- _Required action_: Reproduce every line in the material below that holds "image".
[[ Records shown open ]]
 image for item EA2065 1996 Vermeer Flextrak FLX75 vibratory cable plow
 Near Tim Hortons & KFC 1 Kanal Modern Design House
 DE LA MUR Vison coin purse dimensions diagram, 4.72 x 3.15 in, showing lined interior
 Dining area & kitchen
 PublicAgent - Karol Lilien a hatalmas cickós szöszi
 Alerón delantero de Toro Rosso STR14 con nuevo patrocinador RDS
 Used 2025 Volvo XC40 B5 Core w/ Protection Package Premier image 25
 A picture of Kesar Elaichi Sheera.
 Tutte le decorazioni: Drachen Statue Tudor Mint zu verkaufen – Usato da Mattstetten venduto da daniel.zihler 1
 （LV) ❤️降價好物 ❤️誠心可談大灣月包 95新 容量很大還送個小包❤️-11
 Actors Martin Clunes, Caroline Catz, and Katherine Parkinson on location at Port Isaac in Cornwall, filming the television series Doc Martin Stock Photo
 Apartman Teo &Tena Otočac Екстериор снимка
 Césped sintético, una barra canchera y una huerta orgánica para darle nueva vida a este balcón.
[[ Records shown closed ]]
- _Exercise solution_:
 image for item EA2065 1996 Vermeer Flextrak FLX75 vibratory cable plow
 Used 2025 Volvo XC40 B5 Core w/ Protection Package Premier image 25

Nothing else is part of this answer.